I was asked to document a wedding ceremony in Minneapolis Fall of 2018. I love expanding my skills and background, so I said yes. Since I lack experience videoing wedding, I asked a friend who is a videographer for a news company and has experience taping weddings; he gave me many helpful hints. Before the wedding, I also looked up lots of videos on YouTube. I thought I was well prepared; however, I made a few mistakes so please read and learn from my experience.
1. Arrive early
This may seem like a no-brainer; however, the wedding I videoed was at a venue I have never been to before. Not only did I not know how to get to the venue, I didn't know where to park. I was already running late due to traffic and this just added to me being late. Since I was running behind, I felt rushed and had extreme anxiety. I did not have my camera setting set properly either. I did not pay for parking. After the ceremony, I ended up have a $40 ticket because I ran inside to start setting up as soon as I parked.
2. Know how the ceremony is going to go Understand if there are different aspects to the ceremony that include moving. Always chat with couples to get a good idea of how the ceremony will go. Is there special guests who are doing scripture readings? Are the bride and groom standing in the center of the aisle or are they off to the side? Will they be doing a union ceremony such as a mixing of sands, braiding of a cross, etc? Don't move unless you have to! 3. Invest in proper equipment I brought with me two cameras. One was on a tripod and one was handheld. The tripod camera was not of a good quality and the venue was a low light situation. Those two put together equal low quality video. The camera I held was, obviously, very shaky. I've now learned to either have a monopod or gimbal stabilizer! Audio is super important in video. I only recorded audio from my cameras. The venue I was at was large and there was a lot of echo. Connecting straight from the speakers AND putting a mic on the groom or officiant will help a ton. SD cards need to be a high enough quality that they can keep up with recording. Smaller SD cards will only record a few seconds until they stop. That's because there's too much information going into it that it is unable to keep up. Below is a link to a few items I recommend.

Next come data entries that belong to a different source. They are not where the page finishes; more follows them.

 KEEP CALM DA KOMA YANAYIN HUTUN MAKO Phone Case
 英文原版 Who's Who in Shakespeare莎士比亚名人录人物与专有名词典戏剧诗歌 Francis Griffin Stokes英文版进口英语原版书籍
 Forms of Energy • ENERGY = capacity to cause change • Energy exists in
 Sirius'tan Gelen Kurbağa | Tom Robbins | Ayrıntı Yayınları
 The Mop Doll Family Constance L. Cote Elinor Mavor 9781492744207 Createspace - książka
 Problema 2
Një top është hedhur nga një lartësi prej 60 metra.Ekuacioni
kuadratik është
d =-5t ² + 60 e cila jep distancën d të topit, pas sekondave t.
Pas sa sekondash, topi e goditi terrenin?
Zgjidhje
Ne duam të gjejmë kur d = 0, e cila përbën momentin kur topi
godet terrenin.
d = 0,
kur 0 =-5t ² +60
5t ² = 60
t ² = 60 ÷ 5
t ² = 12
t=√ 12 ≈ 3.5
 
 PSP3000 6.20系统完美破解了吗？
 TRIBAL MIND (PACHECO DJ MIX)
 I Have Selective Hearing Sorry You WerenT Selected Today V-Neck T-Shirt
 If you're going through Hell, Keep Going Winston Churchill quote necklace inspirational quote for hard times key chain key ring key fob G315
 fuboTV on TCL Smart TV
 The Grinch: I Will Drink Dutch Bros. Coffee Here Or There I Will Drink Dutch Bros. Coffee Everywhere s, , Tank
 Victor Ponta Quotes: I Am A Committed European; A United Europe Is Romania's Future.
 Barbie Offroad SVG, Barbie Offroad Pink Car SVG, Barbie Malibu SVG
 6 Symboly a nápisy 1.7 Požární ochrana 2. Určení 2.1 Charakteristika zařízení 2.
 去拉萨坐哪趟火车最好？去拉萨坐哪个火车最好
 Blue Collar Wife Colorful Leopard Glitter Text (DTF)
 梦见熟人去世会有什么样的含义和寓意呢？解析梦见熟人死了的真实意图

4. Use the proper camera settings Understand that your camera typically only can record for 30 minutes until it will automatically stop. This is so that the camera does not overheat. Be sure to stop and restart the recording if you are coming up on that timeframe. Make sure your frame rate, ISO, aperture, and shutter speed reflect what you are trying to capture. Your shutter speed needs to be double than your frames per second or fps. The higher the fps is good for slow motion or B roll shots but anything that you would want to maintain the audio pitch or speed for that looks natural should be shot at 24 fps. If you are switching your frame rate make sure to keep your shutter speed double. Ex. 24 fps shoot at 1/50 shutter speed (great for ceremony, speeches, etc) 60 fps shoot at 1/120 shutter speed (great for b roll, slow motion shots for highlight video, etc) 5. Collect as much footage as needed There is nothing worse than going home and realizing you are unable to create a good highlight video of the day and not be able to tell a story with what you captured. Collecting as much b-roll as possible will help! People laughing, details from the day, a tree or water fountain outside are simple. It helps to have an idea of how you would like to tell your story as the day is going. As the day is going on and you realize you are not capturing what you would like, speak up! Let the photographer know if the couple needs to hold that pose a little longer or you can also direct how the shot is going to go.